*** Data to use ***

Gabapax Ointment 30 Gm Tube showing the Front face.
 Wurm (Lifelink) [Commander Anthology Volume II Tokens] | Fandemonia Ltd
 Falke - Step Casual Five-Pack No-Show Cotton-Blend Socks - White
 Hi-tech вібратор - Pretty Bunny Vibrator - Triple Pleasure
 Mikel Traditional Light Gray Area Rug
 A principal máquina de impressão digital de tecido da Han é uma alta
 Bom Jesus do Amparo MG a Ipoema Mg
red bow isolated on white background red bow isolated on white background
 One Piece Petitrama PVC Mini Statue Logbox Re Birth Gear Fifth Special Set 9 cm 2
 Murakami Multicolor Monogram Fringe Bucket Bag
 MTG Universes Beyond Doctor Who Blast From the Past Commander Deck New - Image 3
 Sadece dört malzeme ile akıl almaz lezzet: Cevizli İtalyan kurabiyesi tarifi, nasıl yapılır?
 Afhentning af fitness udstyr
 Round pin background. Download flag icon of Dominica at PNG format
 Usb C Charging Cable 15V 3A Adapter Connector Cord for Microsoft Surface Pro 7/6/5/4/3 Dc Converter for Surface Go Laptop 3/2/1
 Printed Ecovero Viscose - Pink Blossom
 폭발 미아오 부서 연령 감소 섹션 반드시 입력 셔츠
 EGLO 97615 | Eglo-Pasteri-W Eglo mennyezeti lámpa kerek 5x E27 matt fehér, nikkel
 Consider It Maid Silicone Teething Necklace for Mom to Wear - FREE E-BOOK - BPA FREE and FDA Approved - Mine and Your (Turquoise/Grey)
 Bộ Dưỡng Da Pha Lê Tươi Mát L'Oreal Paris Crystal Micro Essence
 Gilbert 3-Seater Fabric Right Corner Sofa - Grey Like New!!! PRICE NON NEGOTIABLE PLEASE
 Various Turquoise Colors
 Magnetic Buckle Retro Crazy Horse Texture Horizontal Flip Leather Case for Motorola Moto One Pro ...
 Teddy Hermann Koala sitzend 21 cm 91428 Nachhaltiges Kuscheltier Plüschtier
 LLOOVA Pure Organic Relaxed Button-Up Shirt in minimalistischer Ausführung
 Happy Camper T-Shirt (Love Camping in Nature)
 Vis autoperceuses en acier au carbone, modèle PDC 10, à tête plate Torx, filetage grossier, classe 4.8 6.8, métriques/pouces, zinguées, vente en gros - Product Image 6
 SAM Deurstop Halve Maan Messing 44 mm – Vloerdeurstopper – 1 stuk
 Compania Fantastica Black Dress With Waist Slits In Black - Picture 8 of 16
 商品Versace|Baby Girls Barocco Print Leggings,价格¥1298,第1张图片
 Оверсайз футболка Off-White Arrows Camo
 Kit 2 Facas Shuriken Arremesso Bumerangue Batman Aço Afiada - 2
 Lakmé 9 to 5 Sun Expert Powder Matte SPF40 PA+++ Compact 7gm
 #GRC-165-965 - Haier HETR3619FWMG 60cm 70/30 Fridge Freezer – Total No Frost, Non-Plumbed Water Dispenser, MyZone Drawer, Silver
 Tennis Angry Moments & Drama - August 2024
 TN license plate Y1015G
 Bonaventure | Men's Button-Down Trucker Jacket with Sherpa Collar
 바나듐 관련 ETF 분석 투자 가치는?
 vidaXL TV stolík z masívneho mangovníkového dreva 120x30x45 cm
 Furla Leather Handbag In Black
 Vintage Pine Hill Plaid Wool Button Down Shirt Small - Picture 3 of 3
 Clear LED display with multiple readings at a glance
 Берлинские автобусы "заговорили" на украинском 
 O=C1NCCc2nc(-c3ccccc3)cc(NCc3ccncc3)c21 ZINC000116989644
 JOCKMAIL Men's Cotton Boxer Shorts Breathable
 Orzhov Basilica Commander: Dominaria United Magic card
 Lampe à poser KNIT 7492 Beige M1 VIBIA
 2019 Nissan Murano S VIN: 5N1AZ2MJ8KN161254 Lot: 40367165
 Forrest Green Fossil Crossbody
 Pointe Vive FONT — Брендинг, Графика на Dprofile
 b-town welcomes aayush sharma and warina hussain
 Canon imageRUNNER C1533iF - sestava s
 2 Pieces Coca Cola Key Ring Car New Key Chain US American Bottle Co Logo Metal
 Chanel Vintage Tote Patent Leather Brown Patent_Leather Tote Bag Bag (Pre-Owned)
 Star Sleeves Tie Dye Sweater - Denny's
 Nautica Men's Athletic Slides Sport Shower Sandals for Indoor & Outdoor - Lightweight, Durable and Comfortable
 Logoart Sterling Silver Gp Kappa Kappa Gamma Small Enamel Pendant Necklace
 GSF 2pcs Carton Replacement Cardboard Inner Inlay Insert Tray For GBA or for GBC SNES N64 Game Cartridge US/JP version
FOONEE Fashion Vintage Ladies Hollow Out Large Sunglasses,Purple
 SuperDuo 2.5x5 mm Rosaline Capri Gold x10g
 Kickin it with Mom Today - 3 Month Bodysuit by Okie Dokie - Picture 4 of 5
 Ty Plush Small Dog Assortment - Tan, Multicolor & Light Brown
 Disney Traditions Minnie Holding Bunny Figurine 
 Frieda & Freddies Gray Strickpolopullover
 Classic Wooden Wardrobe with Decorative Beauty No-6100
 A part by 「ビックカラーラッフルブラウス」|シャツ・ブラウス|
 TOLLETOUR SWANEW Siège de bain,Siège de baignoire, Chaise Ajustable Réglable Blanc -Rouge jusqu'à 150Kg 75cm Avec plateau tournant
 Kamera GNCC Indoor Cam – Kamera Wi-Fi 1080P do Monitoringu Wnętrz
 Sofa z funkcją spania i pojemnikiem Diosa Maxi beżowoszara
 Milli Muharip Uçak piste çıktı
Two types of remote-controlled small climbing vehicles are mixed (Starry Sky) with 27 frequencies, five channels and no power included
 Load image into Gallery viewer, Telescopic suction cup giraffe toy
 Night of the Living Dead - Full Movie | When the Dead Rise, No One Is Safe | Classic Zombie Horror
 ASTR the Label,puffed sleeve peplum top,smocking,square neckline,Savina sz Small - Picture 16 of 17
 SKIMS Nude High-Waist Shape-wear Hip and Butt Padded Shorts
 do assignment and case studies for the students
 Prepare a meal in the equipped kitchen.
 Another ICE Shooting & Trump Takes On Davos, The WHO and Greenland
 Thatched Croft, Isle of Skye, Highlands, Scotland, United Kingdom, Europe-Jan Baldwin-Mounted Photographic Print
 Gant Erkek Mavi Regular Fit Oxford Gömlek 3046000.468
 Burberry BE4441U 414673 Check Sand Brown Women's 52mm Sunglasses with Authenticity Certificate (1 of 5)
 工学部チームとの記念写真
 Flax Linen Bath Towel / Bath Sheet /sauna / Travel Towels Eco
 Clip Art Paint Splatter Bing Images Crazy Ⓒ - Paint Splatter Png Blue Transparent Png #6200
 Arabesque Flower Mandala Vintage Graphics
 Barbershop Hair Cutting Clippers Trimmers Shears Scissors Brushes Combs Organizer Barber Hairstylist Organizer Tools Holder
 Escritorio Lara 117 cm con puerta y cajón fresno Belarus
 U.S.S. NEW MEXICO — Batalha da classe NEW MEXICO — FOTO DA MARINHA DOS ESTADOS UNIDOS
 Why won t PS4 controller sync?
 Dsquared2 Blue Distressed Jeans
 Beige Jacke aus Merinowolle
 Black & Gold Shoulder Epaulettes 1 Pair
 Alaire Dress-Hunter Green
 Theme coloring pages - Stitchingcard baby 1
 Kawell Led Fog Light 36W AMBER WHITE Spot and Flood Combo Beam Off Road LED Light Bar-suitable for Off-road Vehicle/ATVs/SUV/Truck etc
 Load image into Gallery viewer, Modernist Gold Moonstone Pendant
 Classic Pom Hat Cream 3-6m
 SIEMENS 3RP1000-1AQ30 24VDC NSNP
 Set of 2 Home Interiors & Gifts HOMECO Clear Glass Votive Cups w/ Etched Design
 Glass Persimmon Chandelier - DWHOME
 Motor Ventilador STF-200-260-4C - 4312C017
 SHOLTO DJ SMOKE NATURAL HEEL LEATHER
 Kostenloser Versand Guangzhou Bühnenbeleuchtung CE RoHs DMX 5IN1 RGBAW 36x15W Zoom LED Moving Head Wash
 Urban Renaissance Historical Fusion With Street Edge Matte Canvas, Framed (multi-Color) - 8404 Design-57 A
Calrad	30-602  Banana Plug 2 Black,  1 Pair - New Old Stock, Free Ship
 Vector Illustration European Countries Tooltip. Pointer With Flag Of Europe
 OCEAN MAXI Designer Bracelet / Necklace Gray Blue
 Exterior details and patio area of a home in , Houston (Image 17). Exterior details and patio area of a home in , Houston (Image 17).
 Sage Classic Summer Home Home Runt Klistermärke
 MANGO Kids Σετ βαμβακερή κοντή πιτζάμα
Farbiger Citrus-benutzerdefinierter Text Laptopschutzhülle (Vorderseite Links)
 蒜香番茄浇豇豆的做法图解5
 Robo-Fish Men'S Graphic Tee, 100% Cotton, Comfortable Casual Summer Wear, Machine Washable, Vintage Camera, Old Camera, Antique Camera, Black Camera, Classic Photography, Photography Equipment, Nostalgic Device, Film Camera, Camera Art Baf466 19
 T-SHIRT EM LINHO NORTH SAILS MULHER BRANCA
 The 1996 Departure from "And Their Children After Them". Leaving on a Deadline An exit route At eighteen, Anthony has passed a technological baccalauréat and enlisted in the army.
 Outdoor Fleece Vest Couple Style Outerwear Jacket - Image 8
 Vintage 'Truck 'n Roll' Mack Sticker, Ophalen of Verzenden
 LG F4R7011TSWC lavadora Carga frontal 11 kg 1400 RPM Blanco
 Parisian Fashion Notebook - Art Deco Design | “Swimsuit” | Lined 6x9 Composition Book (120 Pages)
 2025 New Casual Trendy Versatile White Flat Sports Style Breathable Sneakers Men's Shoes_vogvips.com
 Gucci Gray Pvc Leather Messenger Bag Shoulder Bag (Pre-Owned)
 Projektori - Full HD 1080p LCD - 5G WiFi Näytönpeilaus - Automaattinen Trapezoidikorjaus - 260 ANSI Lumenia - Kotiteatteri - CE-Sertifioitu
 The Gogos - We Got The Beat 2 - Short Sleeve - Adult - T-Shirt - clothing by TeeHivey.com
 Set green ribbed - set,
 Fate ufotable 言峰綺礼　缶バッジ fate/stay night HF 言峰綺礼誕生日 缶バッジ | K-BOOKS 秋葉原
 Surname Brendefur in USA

***

**Task to carry out:**
From the records above, copy each line in which the string "Multicolor" occurs.

**Written response:**
 Murakami Multicolor Monogram Fringe Bucket Bag
 Ty Plush Small Dog Assortment - Tan, Multicolor & Light Brown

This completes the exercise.